# Occupational Pension - High Risk Investments



## flossie (8 Sep 2011)

Very quick question, i managed to get my company to setup an occupational pension (thanks for previous information Baracuda) which is just about complete. Funds from my PRSA will transfer across soon.

Been having a look over how to split my funds....i get the general impression that as i have 30+ years to retirement, i should be 'OK' to invest in higher risk returns. My PRSA was currently split 85/15 between 2 high risk funds. I'm wondering whether to keep this set up in place, or should i do some more splits, spread the funds over say 5 different funds?

I am on a Zurich pension. 29 years old, company contribute 8% and i contribute 7% at the moment. Plan to keep putting in maximum available amounts for the forseeable future.


----------



## Baracuda (12 Sep 2011)

Personally I would leave the PRSA as is and not transfer the value, why I hear you ask? Your PRSA can be drawn down at any age over the age of 60 using current regulations where as your Occ pension has a set retirement date. So lets say that when you turn 60 you decide to retire you can surrender the PRSA and get your TFLS where as if you transfer the value into the scheme you will have to wait till normal retirement age. There are also other reasons as well to consider such as personal estate planning where this would be good idea.

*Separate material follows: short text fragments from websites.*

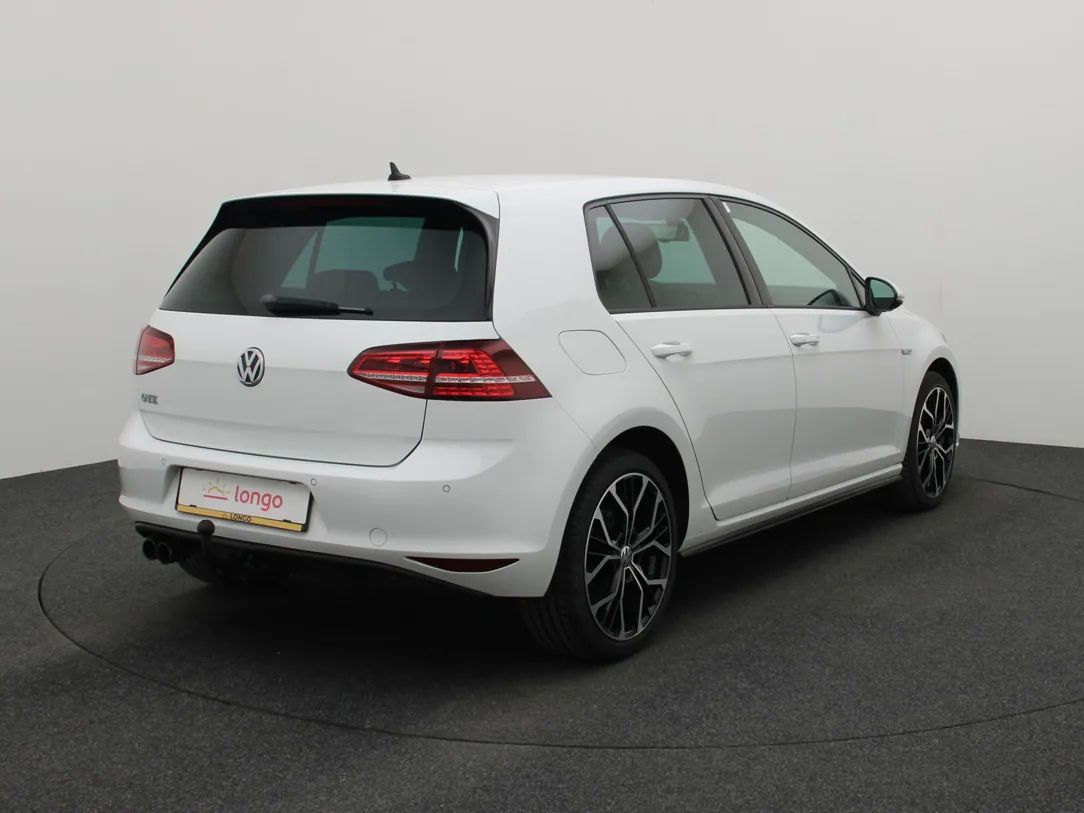 Volkswagen Golf | 7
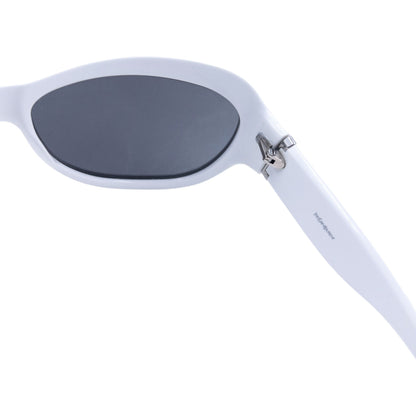 Vintage 2000s YSL Yves Saint Laurent Sunglasses | O/S, Grey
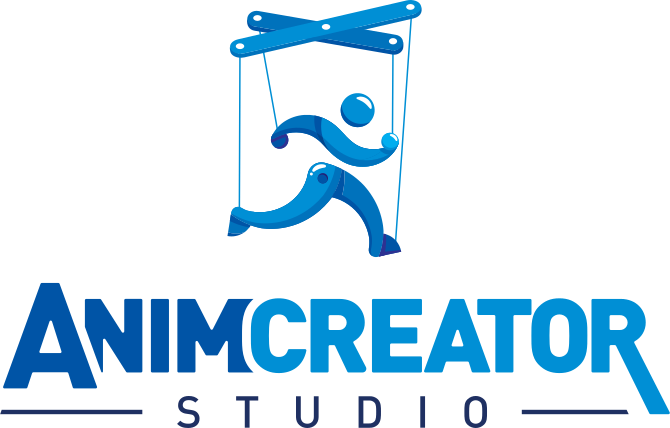 !final AnimCreator Logo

I would take it that the pension's advisor advised you which funds were most suitable for your risk tolerance. I assume that you have a high risk to reward tolerance. The question that you ask is incomplete as we could advice you too go ahead and invest in up to 5 high risk funds, but what if there are all equity funds that are similar! My opinion on this subject (this is not advice) is to invest in a range of different assets such as a main equity index, emerging markets equity index, commodites index and bond index and perhaps property (UK property up about 5%YTD but there maybe trouble ahead) The % to invest in each of the above should be reviewed yearly especially as you get closer to retirement! 

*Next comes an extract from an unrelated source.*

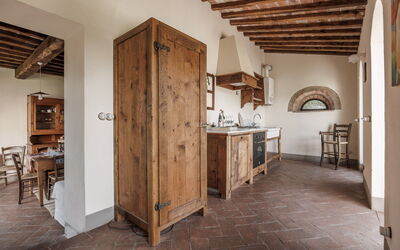 Alojamiento:&nbsp;Molino Felice Dependance - Arezzo, Toscana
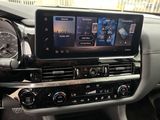 New 2026 Nissan Pathfinder SUV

Just that you know that while Zurich managed funds performance has been exceptional in the past, it gives little indication to how it may perform in the future, it is also worth noting that managed funds rarely if ever, outperform the index that they are benchmarked against, managed funds usually have higher AMC than indexed funds so my advice this time is to invest in indexed funds and save money in charges and get the true market return!


----------



## flossie (12 Sep 2011)

Baracuda,

As ever, great advice - thank you so much. 

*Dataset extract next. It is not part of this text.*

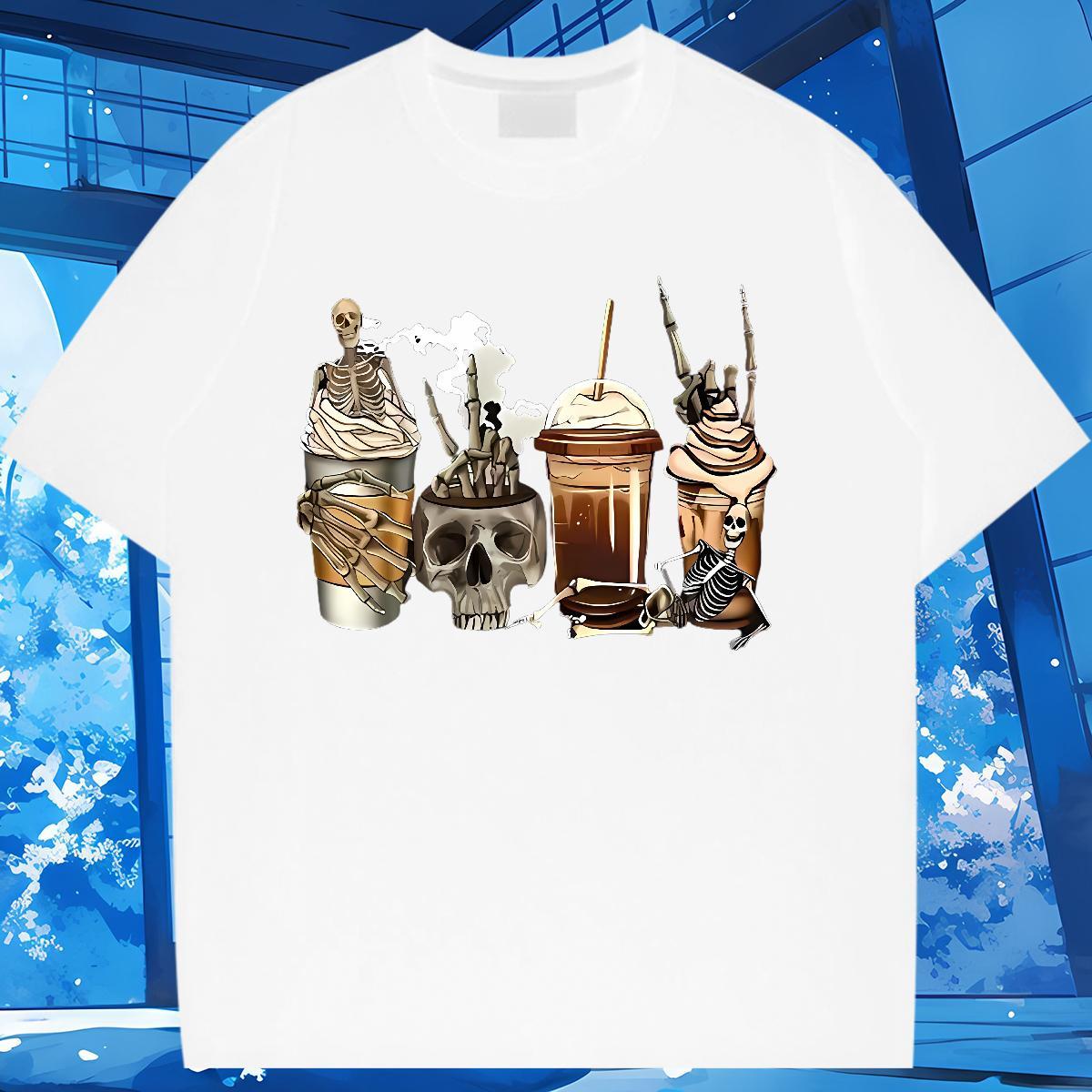 Brand Woman Tshirt 230g Pure Cotton juice Casual Daily Wear Women T Shirts O Neck Short Sleeves Custom Printed Tee Shirt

To be honest, my pension advisor hasn't been in touch. I got notification from my HR department last week that they had finalised the changover. Nothing has been mentioned as to fixed retirement date etc. This is not the first time i have received lack of communications!

In terms of risk i feel that as i am still in my 20s i can tolerate the high risks for a while....as i mentioned in other threads, i am still very confused about pensions, but i feel that as i have 30+ years to retirement i can afford to high risk for a while.....and gradually wind things down to lower risks as i get older. I like the idea of investing in different aqssets.....when the pension advisor (eventually!) gets in touch i shall discuss this further with them. Out of interest, if i am not happy with the attitude of the advisor can i ask to change them? 

In terms of estate planning, i am guessing that you mean if i pass away it is the way the monies go into my estate? I am looking into making my will this year (eek! ) so would be interesting to see how this has an impact. 

This situation is a pain as i am the only employee in Ireland to be in this situation. As my HR department are overseas they don't understand the situation too well. It's frustrating!


----------



## Baracuda (12 Sep 2011)

> Out of interest, if i am not happy with the attitude of the advisor can i ask to change them?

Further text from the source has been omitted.